Сейчас я оторвался от столичной жизни – не знаю последних аттестаций. Но мне и с берегов Невы виден этот высокий, улыбчивый, хотя и со стальным блеском в глазах, непотопляемый «Дядя Степа». Ныне он одряхлел, сутуловат, ходит неверным, падающим шагом, но продолжает стоять на капитанском мостике. И штурманом при нем теперь Прокушев, а на роль старшего офицера и «первого поэта России» метит Валентин Сорокин. Ну, а эпиграмма? Она, правда, непристойна, но очень уж тут к месту:
Сорокин возгорелся желанием сказать и свое слово во славу главного российского литературного начальника.

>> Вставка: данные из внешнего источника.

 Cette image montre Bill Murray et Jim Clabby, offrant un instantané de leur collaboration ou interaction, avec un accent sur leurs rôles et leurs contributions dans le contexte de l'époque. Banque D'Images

На том наш разговор тогда кончился. Я впервые ощутил, как между мной и Сорокиным пробежал холодок отчуждения. Он в этот день не зашел ко мне и не позвал обедать, а я и был рад этому. В магазине купил пакет молока, булочку – пошел в тихий уголок соседнего уцелевшего каким-то чудом сада, пообедал в одиночестве. С этого дня чаще просил Сорокина оставаться в издательстве, а сам забирал две-три рукописи, уезжал на дачу, читал.

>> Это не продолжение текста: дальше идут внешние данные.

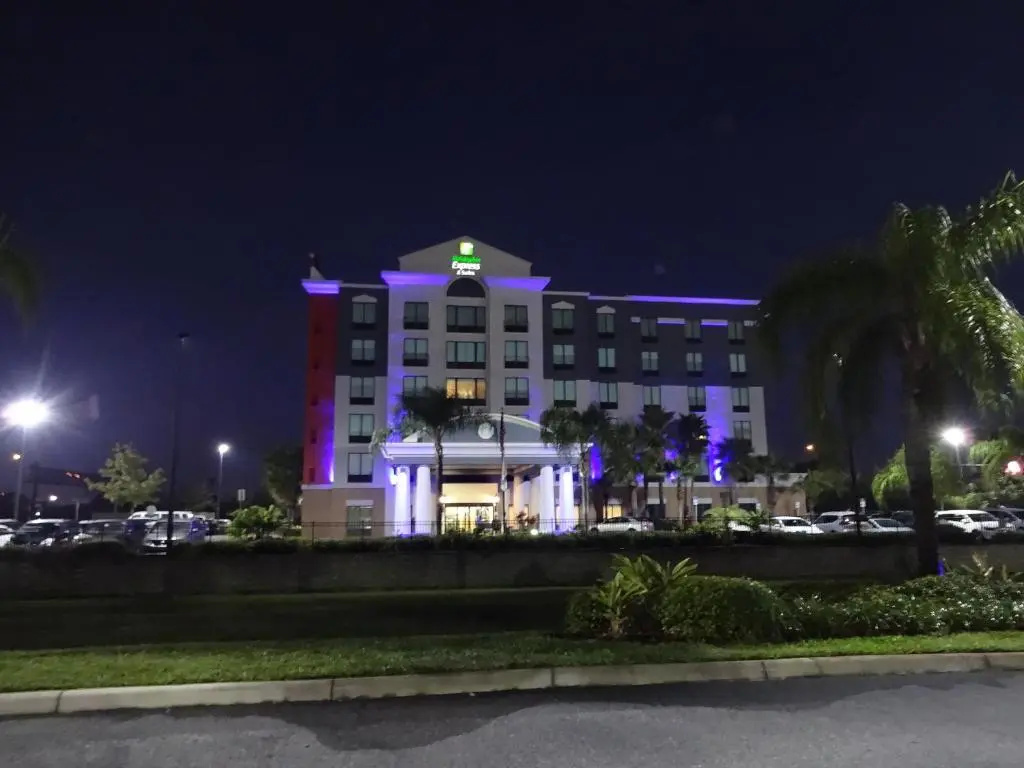 photo 1 of Holiday Inn Express & Suites, International Drive by IHG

Валентин охотно оставался за главного. Ему очень нравилось командовать.
Как-то Прокушев попросил меня прочесть объемистую рукопись. Сказал:
– Приготовьтесь к серьезному разговору по ней. Отбиться будет нелегко.
– Но, может быть, и не надо отбиваться?
– Нет, надо. Автор – графоман, но за ним -о-о, черт бы их побрал, этих ходатаев.

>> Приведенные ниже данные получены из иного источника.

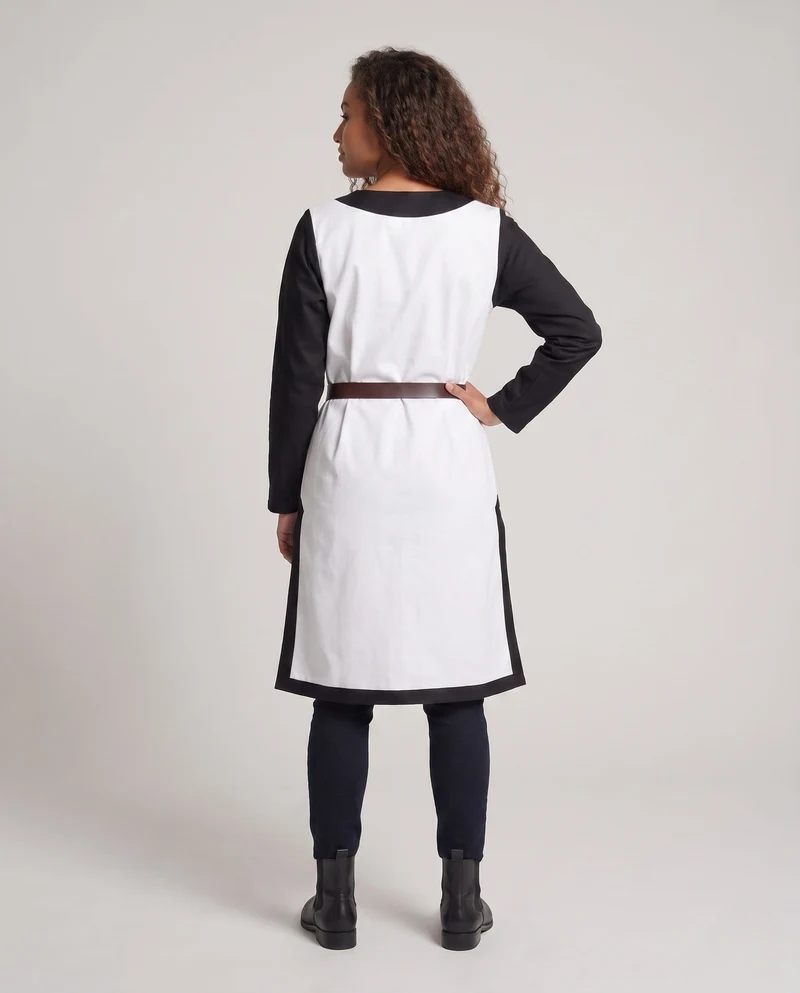Damen historisches Mittelalterkleid mit verzierten Ärmeln und dekorativem Gürtel Nord Taschen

Он, когда случалось, не прочь был и ругнуть высоких персон.
В четверг и пятницу я читал, в субботу и воскресенье отдыхал, а когда пришел в издательство, нашел тут большие волнения. В мое отсутствие явился подполковник милиции, назвался следователем по особо важным делам. Долго сидел в кабинете директора, спрашивал меня, ждал до обеда. Пришел он и во вторник, за полчаса до начала работы. Но я уже был на месте и следователь прошел ко мне. Дружески пожал руку, улыбался. На нем был китель армейского покроя, но погоны милицейские. Я спросил:
– Наверное, в армии служили?
– Да, недавно демобилизовался. Был военным следователем, а теперь вот… на гражданке. И тоже следователь.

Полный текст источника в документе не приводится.